Contemporary Speculative Fiction, by which I mean both Urban/Contemporary Fantasy and Present/Near Future Science Fiction, tends to fall into two distinct classes, which I’ll call Covert Counterfactual and Overt Counterfactual.
In Covert Counterfactual worlds, the speculative/fantastic elements are not public knowledge. The Harry Potter novels, for example, or the Harry Dresden novels. Magic, or Vampires, or Werewolves, or Faeries, or what have you are real, but the average human being doesn’t believe in such things–in fact, ordinary people are quite sure that such things don’t exist. Often this involves some sort of organization dedicated to keeping the true nature of reality hidden, such as in the Men In Black films.
Overt Counterfactual is less common, but includes such things as the Sookie Stackhouse novels and the series True Blood, the Kate Daniels novels, the films Alien Nation and Cast A Deadly Spell. In Overt Counterfactual worlds, the ordinary human beings are aware of the existence of other sorts of persons, and the metahumans live openly among them.
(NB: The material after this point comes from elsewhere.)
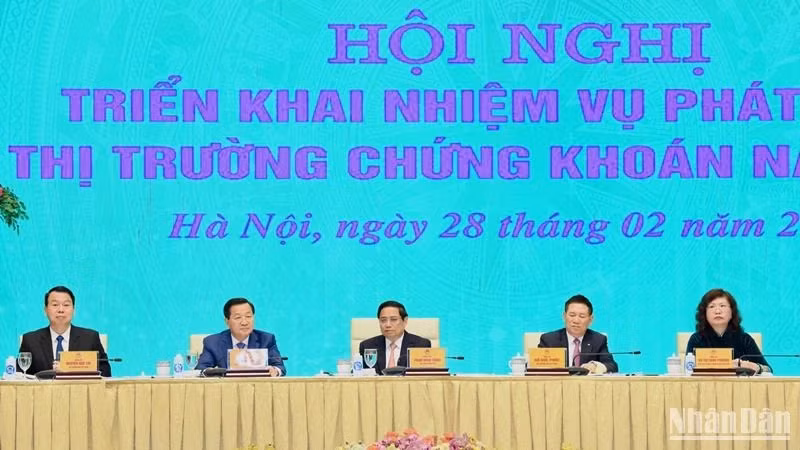 PM Pham Minh Chinh (centre) chairs the conference on this year's stock market development tasks on February 28. (Photo: NDO)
There are advantages in terms of storytelling in both types of fiction, and I enjoy them both. However, as I have been working on The Book Of Lost Doors novels, it has occurred to me that series tend to stick to one side of the fence or the other. Off the top of my head, I can’t think of any series of books that started as Covert that made the shift to Overt during the course of the series. Often the threat of exposure is present, and frequently individual ordinary humans find out about the fantastic world during the stories, but I can’t think of any that deal with the process of the hidden world becoming common knowledge.
The television shows Heroes and Fringe both dealt with revelatory events as part of the overall story arcs, but both, interestingly enough, also used time travel to undo the changes and put the world back to where it was before it changed.
In The Worms Of Heaven I find myself wrestling with the issue of revelation, and the story may end up going into certain areas that are not going to be easily covered up–in fact, may not be able to cover up at all. I really don’t want to try to force the story into a particular channel just so that the illusion can be maintained, but on the other hand, I’m not sure that a series of books that changes from Covert to Overt in the middle is really going to work. I’m beginning to suspect that there are reasons writers tend to favor one or the other, I’m not quite sure how to handle the actual transition. (And picking up with the next book being ten years in the future and after the transition would totally be cheating.)
Thoughts? I’d like to get some feedback on this.